----- Data for processing

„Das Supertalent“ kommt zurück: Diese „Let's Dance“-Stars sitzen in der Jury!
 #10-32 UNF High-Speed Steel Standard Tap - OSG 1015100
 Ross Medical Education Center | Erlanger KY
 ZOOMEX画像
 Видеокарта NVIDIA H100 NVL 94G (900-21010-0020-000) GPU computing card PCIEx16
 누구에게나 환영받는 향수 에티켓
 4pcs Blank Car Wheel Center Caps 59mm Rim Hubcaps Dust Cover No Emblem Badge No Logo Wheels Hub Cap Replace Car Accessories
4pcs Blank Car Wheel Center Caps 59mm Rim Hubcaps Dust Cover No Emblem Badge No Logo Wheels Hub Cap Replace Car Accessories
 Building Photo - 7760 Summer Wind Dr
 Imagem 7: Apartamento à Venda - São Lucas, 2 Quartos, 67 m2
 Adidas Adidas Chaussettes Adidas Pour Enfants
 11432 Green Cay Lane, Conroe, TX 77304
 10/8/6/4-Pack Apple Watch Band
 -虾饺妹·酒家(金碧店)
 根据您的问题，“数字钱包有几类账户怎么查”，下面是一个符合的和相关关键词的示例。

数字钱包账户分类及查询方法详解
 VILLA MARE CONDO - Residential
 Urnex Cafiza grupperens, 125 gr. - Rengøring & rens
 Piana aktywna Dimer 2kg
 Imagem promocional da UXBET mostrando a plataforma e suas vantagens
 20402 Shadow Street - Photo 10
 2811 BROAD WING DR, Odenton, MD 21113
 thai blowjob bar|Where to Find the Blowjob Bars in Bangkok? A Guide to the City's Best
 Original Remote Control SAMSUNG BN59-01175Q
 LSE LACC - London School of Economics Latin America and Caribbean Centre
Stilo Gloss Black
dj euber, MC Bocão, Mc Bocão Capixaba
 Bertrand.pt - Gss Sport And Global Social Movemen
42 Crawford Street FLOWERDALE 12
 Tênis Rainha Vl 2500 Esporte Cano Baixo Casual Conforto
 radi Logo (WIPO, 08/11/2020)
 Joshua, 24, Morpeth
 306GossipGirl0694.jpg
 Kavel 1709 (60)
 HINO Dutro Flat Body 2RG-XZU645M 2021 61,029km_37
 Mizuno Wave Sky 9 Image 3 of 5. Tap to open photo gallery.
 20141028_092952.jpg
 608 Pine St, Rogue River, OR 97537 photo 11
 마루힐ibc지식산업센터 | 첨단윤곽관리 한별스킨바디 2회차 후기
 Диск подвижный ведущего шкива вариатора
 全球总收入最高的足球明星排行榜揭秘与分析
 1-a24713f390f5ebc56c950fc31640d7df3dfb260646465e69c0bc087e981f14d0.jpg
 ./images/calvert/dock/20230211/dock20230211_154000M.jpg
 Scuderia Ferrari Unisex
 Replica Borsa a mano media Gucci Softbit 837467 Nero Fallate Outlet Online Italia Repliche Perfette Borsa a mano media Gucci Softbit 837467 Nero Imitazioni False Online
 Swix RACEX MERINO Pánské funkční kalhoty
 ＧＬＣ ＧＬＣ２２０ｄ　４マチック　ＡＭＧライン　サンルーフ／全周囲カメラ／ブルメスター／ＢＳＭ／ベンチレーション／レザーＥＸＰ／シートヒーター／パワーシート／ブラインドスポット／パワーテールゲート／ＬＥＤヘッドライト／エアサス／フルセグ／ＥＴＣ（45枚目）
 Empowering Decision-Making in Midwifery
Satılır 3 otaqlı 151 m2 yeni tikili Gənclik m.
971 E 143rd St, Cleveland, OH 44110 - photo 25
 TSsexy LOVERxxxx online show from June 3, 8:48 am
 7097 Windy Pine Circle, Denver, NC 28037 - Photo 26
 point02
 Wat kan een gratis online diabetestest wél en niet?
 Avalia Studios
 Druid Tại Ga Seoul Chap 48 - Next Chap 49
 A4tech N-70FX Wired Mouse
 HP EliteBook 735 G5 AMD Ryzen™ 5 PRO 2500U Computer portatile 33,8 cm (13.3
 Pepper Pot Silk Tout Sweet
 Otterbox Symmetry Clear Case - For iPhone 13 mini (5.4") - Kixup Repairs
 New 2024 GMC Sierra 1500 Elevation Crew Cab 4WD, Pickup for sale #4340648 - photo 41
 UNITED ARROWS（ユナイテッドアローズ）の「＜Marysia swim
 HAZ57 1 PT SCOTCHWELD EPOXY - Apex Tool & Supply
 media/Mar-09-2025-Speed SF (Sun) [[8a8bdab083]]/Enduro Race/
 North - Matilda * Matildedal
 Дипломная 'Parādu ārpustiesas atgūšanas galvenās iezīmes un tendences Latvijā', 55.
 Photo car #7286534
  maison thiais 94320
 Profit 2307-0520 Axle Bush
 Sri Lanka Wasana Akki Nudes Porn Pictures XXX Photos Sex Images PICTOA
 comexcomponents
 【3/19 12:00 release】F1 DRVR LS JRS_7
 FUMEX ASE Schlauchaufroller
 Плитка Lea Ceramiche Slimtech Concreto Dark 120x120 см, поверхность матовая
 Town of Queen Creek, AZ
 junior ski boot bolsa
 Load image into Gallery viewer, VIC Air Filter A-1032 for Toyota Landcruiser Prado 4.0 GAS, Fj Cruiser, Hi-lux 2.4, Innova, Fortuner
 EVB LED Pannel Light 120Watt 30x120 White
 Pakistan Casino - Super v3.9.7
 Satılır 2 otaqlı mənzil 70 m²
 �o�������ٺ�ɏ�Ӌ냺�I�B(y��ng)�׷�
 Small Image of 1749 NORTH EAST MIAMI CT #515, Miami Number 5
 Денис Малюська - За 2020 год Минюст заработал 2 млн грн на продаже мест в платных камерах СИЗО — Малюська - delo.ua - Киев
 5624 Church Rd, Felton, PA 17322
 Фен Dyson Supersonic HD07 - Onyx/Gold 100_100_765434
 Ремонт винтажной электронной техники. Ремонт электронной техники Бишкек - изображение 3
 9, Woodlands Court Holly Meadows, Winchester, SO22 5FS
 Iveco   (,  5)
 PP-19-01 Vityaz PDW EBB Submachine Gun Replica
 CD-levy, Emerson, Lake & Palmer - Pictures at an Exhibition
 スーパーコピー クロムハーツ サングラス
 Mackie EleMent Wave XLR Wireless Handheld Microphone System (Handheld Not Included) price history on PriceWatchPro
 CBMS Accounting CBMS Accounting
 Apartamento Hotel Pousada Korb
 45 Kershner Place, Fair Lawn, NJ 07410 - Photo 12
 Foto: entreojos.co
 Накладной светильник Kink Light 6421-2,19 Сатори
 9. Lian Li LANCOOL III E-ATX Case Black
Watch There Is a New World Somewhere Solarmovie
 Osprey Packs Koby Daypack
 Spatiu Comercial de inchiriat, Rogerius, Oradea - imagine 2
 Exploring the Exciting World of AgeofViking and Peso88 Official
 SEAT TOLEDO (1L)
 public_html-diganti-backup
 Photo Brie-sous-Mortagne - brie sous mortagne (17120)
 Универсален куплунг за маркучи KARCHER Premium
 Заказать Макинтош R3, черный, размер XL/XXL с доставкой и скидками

----------

Reproduce the data above in full, keeping it exactly the same.

Response area:
„Das Supertalent“ kommt zurück: Diese „Let's Dance“-Stars sitzen in der Jury!
 #10-32 UNF High-Speed Steel Standard Tap - OSG 1015100
 Ross Medical Education Center | Erlanger KY
 ZOOMEX画像
 Видеокарта NVIDIA H100 NVL 94G (900-21010-0020-000) GPU computing card PCIEx16
 누구에게나 환영받는 향수 에티켓
 4pcs Blank Car Wheel Center Caps 59mm Rim Hubcaps Dust Cover No Emblem Badge No Logo Wheels Hub Cap Replace Car Accessories
4pcs Blank Car Wheel Center Caps 59mm Rim Hubcaps Dust Cover No Emblem Badge No Logo Wheels Hub Cap Replace Car Accessories
 Building Photo - 7760 Summer Wind Dr
 Imagem 7: Apartamento à Venda - São Lucas, 2 Quartos, 67 m2
 Adidas Adidas Chaussettes Adidas Pour Enfants
 11432 Green Cay Lane, Conroe, TX 77304
 10/8/6/4-Pack Apple Watch Band
 -虾饺妹·酒家(金碧店)
 根据您的问题，“数字钱包有几类账户怎么查”，下面是一个符合的和相关关键词的示例。

数字钱包账户分类及查询方法详解
 VILLA MARE CONDO - Residential
 Urnex Cafiza grupperens, 125 gr. - Rengøring & rens
 Piana aktywna Dimer 2kg
 Imagem promocional da UXBET mostrando a plataforma e suas vantagens
 20402 Shadow Street - Photo 10
 2811 BROAD WING DR, Odenton, MD 21113
 thai blowjob bar|Where to Find the Blowjob Bars in Bangkok? A Guide to the City's Best
 Original Remote Control SAMSUNG BN59-01175Q
 LSE LACC - London School of Economics Latin America and Caribbean Centre
Stilo Gloss Black
dj euber, MC Bocão, Mc Bocão Capixaba
 Bertrand.pt - Gss Sport And Global Social Movemen
42 Crawford Street FLOWERDALE 12
 Tênis Rainha Vl 2500 Esporte Cano Baixo Casual Conforto
 radi Logo (WIPO, 08/11/2020)
 Joshua, 24, Morpeth
 306GossipGirl0694.jpg
 Kavel 1709 (60)
 HINO Dutro Flat Body 2RG-XZU645M 2021 61,029km_37
 Mizuno Wave Sky 9 Image 3 of 5. Tap to open photo gallery.
 20141028_092952.jpg
 608 Pine St, Rogue River, OR 97537 photo 11
 마루힐ibc지식산업센터 | 첨단윤곽관리 한별스킨바디 2회차 후기
 Диск подвижный ведущего шкива вариатора
 全球总收入最高的足球明星排行榜揭秘与分析
 1-a24713f390f5ebc56c950fc31640d7df3dfb260646465e69c0bc087e981f14d0.jpg
 ./images/calvert/dock/20230211/dock20230211_154000M.jpg
 Scuderia Ferrari Unisex
 Replica Borsa a mano media Gucci Softbit 837467 Nero Fallate Outlet Online Italia Repliche Perfette Borsa a mano media Gucci Softbit 837467 Nero Imitazioni False Online
 Swix RACEX MERINO Pánské funkční kalhoty
 ＧＬＣ ＧＬＣ２２０ｄ　４マチック　ＡＭＧライン　サンルーフ／全周囲カメラ／ブルメスター／ＢＳＭ／ベンチレーション／レザーＥＸＰ／シートヒーター／パワーシート／ブラインドスポット／パワーテールゲート／ＬＥＤヘッドライト／エアサス／フルセグ／ＥＴＣ（45枚目）
 Empowering Decision-Making in Midwifery
Satılır 3 otaqlı 151 m2 yeni tikili Gənclik m.
971 E 143rd St, Cleveland, OH 44110 - photo 25
 TSsexy LOVERxxxx online show from June 3, 8:48 am
 7097 Windy Pine Circle, Denver, NC 28037 - Photo 26
 point02
 Wat kan een gratis online diabetestest wél en niet?
 Avalia Studios
 Druid Tại Ga Seoul Chap 48 - Next Chap 49
 A4tech N-70FX Wired Mouse
 HP EliteBook 735 G5 AMD Ryzen™ 5 PRO 2500U Computer portatile 33,8 cm (13.3
 Pepper Pot Silk Tout Sweet
 Otterbox Symmetry Clear Case - For iPhone 13 mini (5.4") - Kixup Repairs
 New 2024 GMC Sierra 1500 Elevation Crew Cab 4WD, Pickup for sale #4340648 - photo 41
 UNITED ARROWS（ユナイテッドアローズ）の「＜Marysia swim
 HAZ57 1 PT SCOTCHWELD EPOXY - Apex Tool & Supply
 media/Mar-09-2025-Speed SF (Sun) [[8a8bdab083]]/Enduro Race/
 North - Matilda * Matildedal
 Дипломная 'Parādu ārpustiesas atgūšanas galvenās iezīmes un tendences Latvijā', 55.
 Photo car #7286534
  maison thiais 94320
 Profit 2307-0520 Axle Bush
 Sri Lanka Wasana Akki Nudes Porn Pictures XXX Photos Sex Images PICTOA
 comexcomponents
 【3/19 12:00 release】F1 DRVR LS JRS_7
 FUMEX ASE Schlauchaufroller
 Плитка Lea Ceramiche Slimtech Concreto Dark 120x120 см, поверхность матовая
 Town of Queen Creek, AZ
 junior ski boot bolsa
 Load image into Gallery viewer, VIC Air Filter A-1032 for Toyota Landcruiser Prado 4.0 GAS, Fj Cruiser, Hi-lux 2.4, Innova, Fortuner
 EVB LED Pannel Light 120Watt 30x120 White
 Pakistan Casino - Super v3.9.7
 Satılır 2 otaqlı mənzil 70 m²
 �o�������ٺ�ɏ�Ӌ냺�I�B(y��ng)�׷�
 Small Image of 1749 NORTH EAST MIAMI CT #515, Miami Number 5
 Денис Малюська - За 2020 год Минюст заработал 2 млн грн на продаже мест в платных камерах СИЗО — Малюська - delo.ua - Киев
 5624 Church Rd, Felton, PA 17322
 Фен Dyson Supersonic HD07 - Onyx/Gold 100_100_765434
 Ремонт винтажной электронной техники. Ремонт электронной техники Бишкек - изображение 3
 9, Woodlands Court Holly Meadows, Winchester, SO22 5FS
 Iveco   (,  5)
 PP-19-01 Vityaz PDW EBB Submachine Gun Replica
 CD-levy, Emerson, Lake & Palmer - Pictures at an Exhibition
 スーパーコピー クロムハーツ サングラス
 Mackie EleMent Wave XLR Wireless Handheld Microphone System (Handheld Not Included) price history on PriceWatchPro
 CBMS Accounting CBMS Accounting
 Apartamento Hotel Pousada Korb
 45 Kershner Place, Fair Lawn, NJ 07410 - Photo 12
 Foto: entreojos.co
 Накладной светильник Kink Light 6421-2,19 Сатори
 9. Lian Li LANCOOL III E-ATX Case Black
Watch There Is a New World Somewhere Solarmovie
 Osprey Packs Koby Daypack
 Spatiu Comercial de inchiriat, Rogerius, Oradea - imagine 2
 Exploring the Exciting World of AgeofViking and Peso88 Official
 SEAT TOLEDO (1L)
 public_html-diganti-backup
 Photo Brie-sous-Mortagne - brie sous mortagne (17120)
 Универсален куплунг за маркучи KARCHER Premium
 Заказать Макинтош R3, черный, размер XL/XXL с доставкой и скидками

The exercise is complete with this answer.